[THE INPUT]

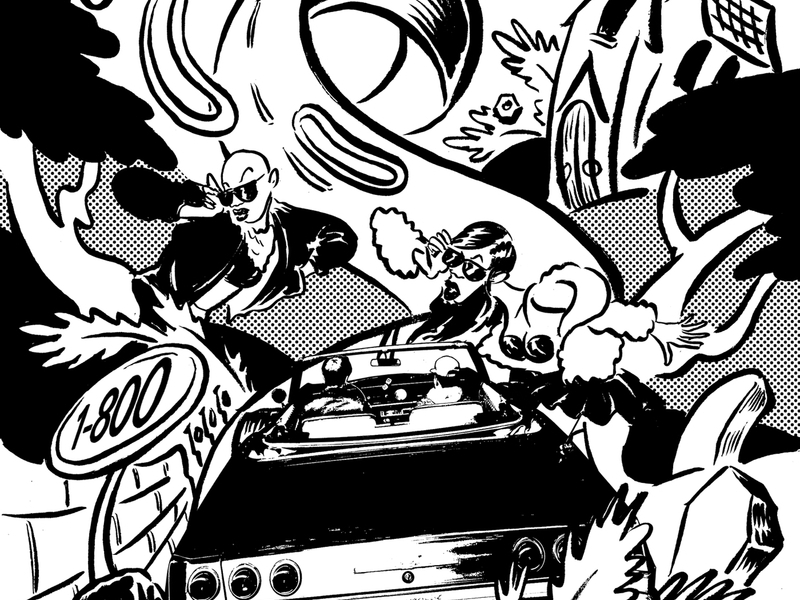 Life Round Here (Single)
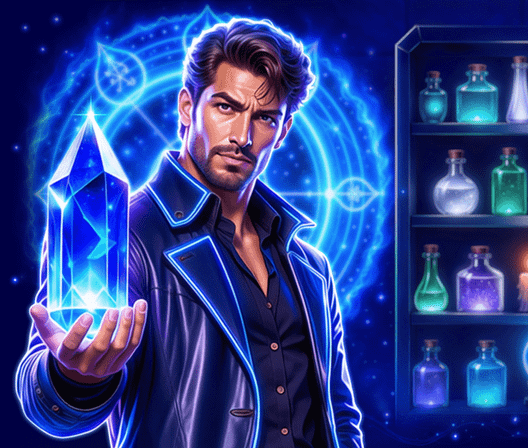 VIP Crystal Chamber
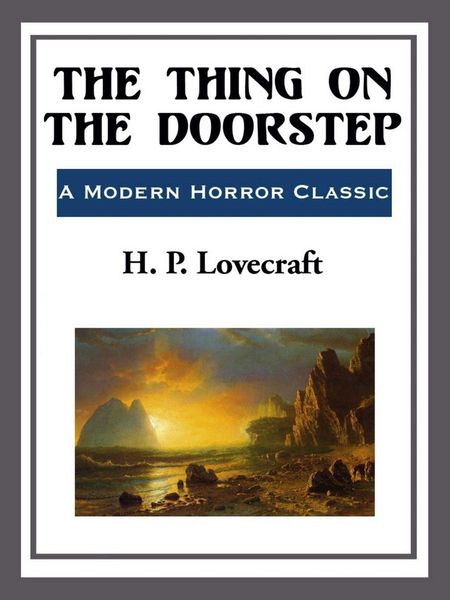 Produktbild: The Thing on the Doorstep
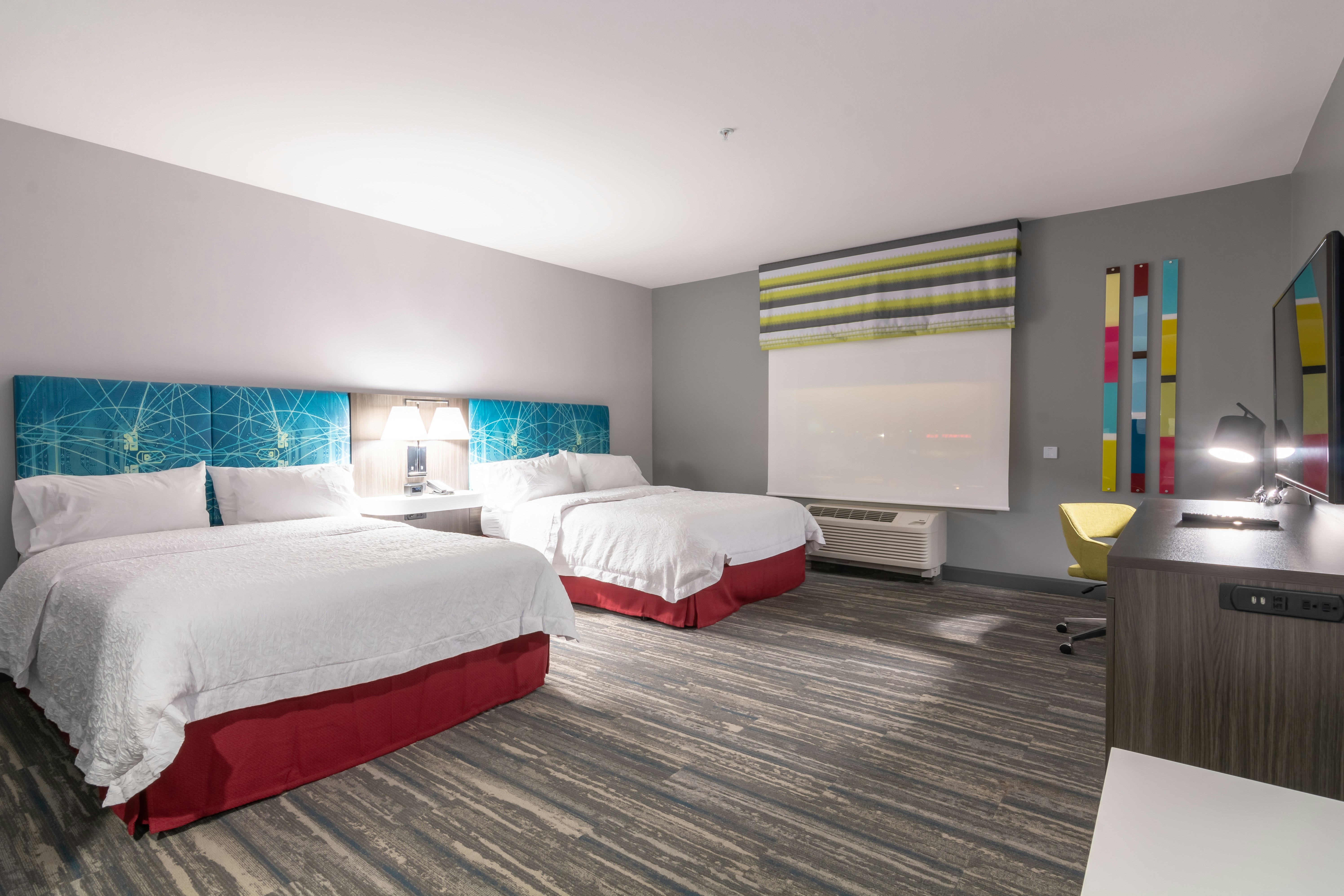 ROOM, 2 QUEEN BEDS, ACCESSIBLE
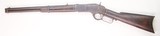 Winchester Model 1873 Saddle Ring Carbine44-40 - Image 8 of 15
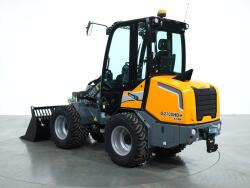 2026 Giant G2700 X-tra HD+ (Cabine) VK10497 | Wiellader | Mini Shovel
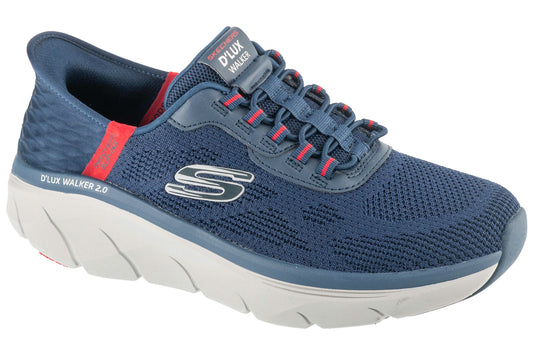 Skechers Slip-ins: D'Lux Walker 2.0 - Rezinate 232446-NVRD Men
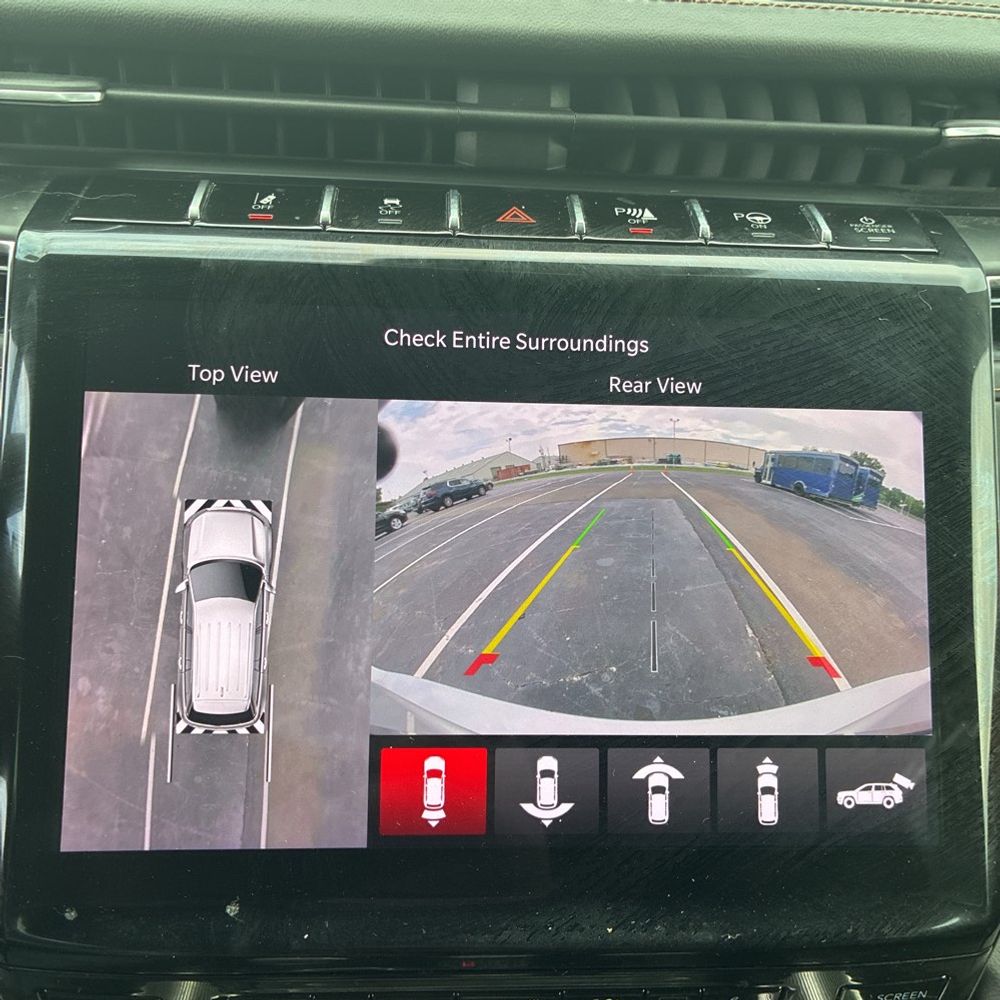 2022 Jeep Grand Cherokee L Summit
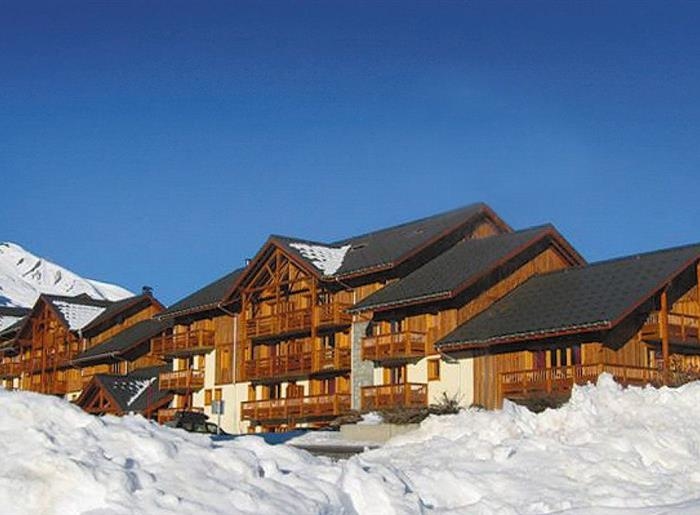 2 Pièces Cabine 6 Pers. à louer à LA TOUSSUIRE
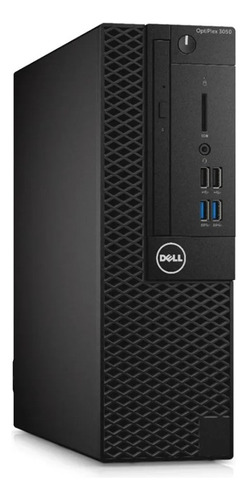 Cpu Desktop Dell Optiplex 3050 I5 7500 240gb Ssd 8gb Ram
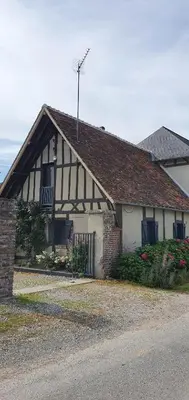 Bâtiment de la maison de vacances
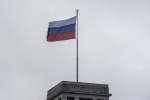 Из здания посольства России в Киеве повалил чёрный дым — видео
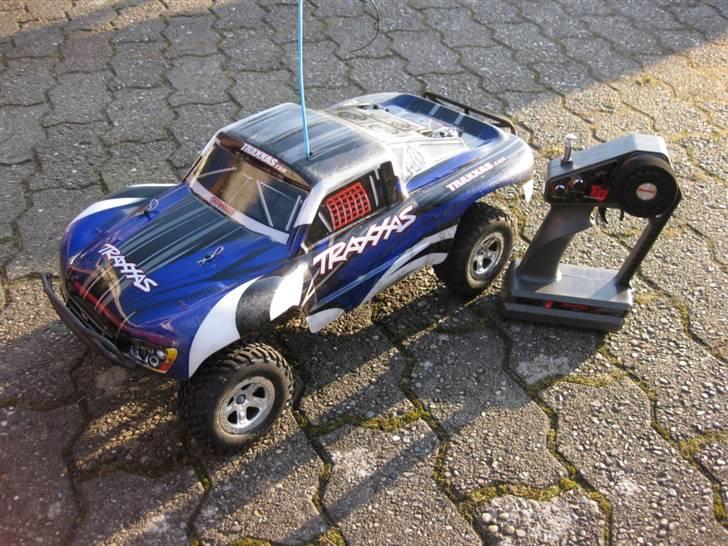 Buggy Traxxas Slash billede 1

[/THE INPUT]

TASK STATEMENT: From the records above, copy only the lines running from the line holding "Produktbild: The Thing on the Doorstep" through the line holding "2 Pièces Cabine", with no pictures.

EXERCISE RESPONSE:
 Produktbild: The Thing on the Doorstep
 ROOM, 2 QUEEN BEDS, ACCESSIBLE
 Winchester Model 1873 Saddle Ring Carbine44-40 - Image 8 of 15
 2026 Giant G2700 X-tra HD+ (Cabine) VK10497 | Wiellader | Mini Shovel
 Skechers Slip-ins: D'Lux Walker 2.0 - Rezinate 232446-NVRD Men
 2022 Jeep Grand Cherokee L Summit
 2 Pièces Cabine 6 Pers. à louer à LA TOUSSUIRE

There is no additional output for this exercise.